The Disappearance of Johnny Gosch
Johnny Gosch was a 12-year-old paperboy in West Des Moines, Iowa, who disappeared on September 5, 1982, while delivering the Sunday Des Moines Register on his morning route. A neighbor saw him talking to a man in a car, and another witness reported a stranger asking for directions from Johnny. He then vanished. His wagon and papers were found on the route. No Amber Alert system existed at the time, and police initially treated the case as a runaway rather than an abduction — a failure that delayed the investigation critically.
His mother Noreen Gosch became one of the most prominent missing children advocates in the United States, lobbying successfully for Iowa to become the first state to allow pictures of missing children on milk cartons and for federal legislation requiring law enforcement to immediately enter missing children into national databases rather than waiting for a runaway determination period. Her advocacy directly led to the creation of the National Center for Missing and Exploited Children.
In 1997, fifteen years after Johnny's disappearance, Noreen Gosch claimed that her son had appeared at her door in the middle of the night, told her he was alive but being monitored and could not safely come forward, and then left. No corroboration for this account was ever produced and it has been viewed skeptically. In 2006, photographs surfaced that Noreen claimed showed Johnny bound alongside other boys — photographs subsequently linked to a man convicted of child pornography.

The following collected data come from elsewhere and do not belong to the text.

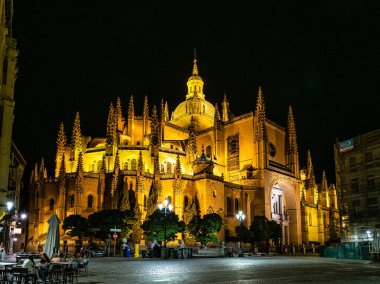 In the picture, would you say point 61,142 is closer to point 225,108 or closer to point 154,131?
point 154,131

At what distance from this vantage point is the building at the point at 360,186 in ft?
141

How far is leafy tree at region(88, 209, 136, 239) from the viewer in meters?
44.6

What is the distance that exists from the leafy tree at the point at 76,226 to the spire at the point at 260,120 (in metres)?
28.6

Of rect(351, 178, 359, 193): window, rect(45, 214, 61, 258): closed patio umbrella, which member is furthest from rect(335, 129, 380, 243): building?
rect(45, 214, 61, 258): closed patio umbrella

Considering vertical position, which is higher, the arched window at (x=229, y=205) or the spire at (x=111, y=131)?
the spire at (x=111, y=131)

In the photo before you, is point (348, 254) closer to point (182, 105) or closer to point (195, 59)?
point (182, 105)

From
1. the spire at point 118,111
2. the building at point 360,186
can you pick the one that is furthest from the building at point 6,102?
the spire at point 118,111

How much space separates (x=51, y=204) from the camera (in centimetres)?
5372

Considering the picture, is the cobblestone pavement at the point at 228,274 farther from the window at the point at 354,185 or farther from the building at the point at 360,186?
the window at the point at 354,185

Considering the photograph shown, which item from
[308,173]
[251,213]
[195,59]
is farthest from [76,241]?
[195,59]

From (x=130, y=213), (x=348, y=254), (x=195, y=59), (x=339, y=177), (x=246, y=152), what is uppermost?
(x=195, y=59)

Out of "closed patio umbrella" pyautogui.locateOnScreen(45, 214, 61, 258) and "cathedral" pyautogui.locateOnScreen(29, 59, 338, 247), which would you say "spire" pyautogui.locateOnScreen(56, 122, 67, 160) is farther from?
"closed patio umbrella" pyautogui.locateOnScreen(45, 214, 61, 258)

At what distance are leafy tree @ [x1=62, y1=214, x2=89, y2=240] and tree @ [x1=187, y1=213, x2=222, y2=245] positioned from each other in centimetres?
1111

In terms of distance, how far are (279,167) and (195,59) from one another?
34.7 m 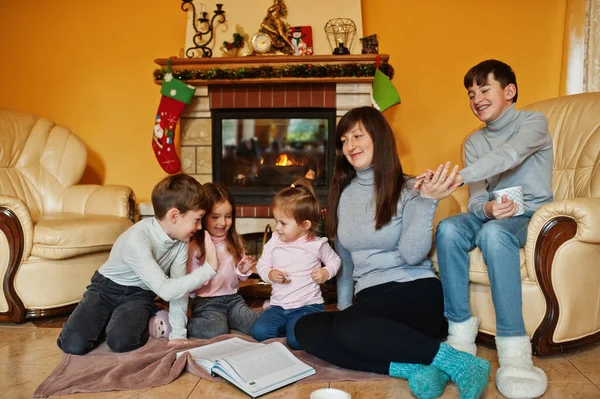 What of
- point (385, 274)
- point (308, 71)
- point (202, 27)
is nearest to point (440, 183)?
point (385, 274)

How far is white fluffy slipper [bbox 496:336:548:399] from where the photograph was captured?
69.1 inches

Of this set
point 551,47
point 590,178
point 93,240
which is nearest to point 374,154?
point 590,178

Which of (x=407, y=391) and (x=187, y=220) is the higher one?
(x=187, y=220)

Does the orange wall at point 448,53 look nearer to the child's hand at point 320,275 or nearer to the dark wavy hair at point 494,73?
the dark wavy hair at point 494,73

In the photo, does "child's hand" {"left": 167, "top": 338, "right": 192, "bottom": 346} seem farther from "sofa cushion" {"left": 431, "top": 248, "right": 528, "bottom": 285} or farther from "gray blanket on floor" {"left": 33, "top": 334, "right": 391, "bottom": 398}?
"sofa cushion" {"left": 431, "top": 248, "right": 528, "bottom": 285}

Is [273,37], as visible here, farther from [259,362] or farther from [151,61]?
[259,362]

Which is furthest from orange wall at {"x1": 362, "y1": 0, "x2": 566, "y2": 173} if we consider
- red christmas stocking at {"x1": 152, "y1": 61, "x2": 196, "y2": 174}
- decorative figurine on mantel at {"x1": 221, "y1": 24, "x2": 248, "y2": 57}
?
red christmas stocking at {"x1": 152, "y1": 61, "x2": 196, "y2": 174}

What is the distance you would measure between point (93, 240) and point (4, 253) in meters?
0.37

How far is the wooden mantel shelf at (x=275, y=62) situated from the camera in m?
3.64

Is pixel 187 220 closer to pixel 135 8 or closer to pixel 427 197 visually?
pixel 427 197

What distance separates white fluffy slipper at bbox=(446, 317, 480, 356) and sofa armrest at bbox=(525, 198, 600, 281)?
273 millimetres

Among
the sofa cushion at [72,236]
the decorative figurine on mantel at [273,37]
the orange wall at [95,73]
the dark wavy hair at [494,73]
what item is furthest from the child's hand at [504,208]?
the orange wall at [95,73]

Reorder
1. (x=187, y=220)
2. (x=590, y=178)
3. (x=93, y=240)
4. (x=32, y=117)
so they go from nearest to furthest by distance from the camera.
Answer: (x=187, y=220) → (x=590, y=178) → (x=93, y=240) → (x=32, y=117)

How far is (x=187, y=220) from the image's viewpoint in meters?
2.25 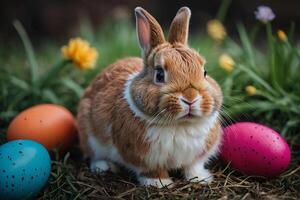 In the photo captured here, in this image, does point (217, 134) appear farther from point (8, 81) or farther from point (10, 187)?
point (8, 81)

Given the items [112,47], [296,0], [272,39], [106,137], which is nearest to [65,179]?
[106,137]

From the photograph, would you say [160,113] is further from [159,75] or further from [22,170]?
[22,170]

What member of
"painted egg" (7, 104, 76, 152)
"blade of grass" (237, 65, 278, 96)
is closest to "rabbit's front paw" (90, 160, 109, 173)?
"painted egg" (7, 104, 76, 152)

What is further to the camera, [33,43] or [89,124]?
[33,43]

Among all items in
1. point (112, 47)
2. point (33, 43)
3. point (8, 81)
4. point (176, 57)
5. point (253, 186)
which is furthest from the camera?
point (33, 43)

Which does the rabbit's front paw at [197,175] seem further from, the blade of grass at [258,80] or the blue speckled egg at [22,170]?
the blade of grass at [258,80]

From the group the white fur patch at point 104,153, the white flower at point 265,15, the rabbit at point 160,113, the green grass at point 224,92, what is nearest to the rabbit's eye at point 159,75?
the rabbit at point 160,113

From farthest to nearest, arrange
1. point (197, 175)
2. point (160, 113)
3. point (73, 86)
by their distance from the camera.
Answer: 1. point (73, 86)
2. point (197, 175)
3. point (160, 113)

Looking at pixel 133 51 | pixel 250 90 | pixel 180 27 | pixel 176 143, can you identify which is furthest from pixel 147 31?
pixel 133 51

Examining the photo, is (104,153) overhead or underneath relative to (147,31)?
underneath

Johnny Gosch has never been officially found and his case remains open. The investigation evolved over the years into claims connecting his disappearance to a broader organized pedophilia network, allegations that were investigated without leading to charges. His case changed American law and policy around missing children in ways that have benefited thousands of families since, making his disappearance one of the most consequential in the development of child protection systems in the United States.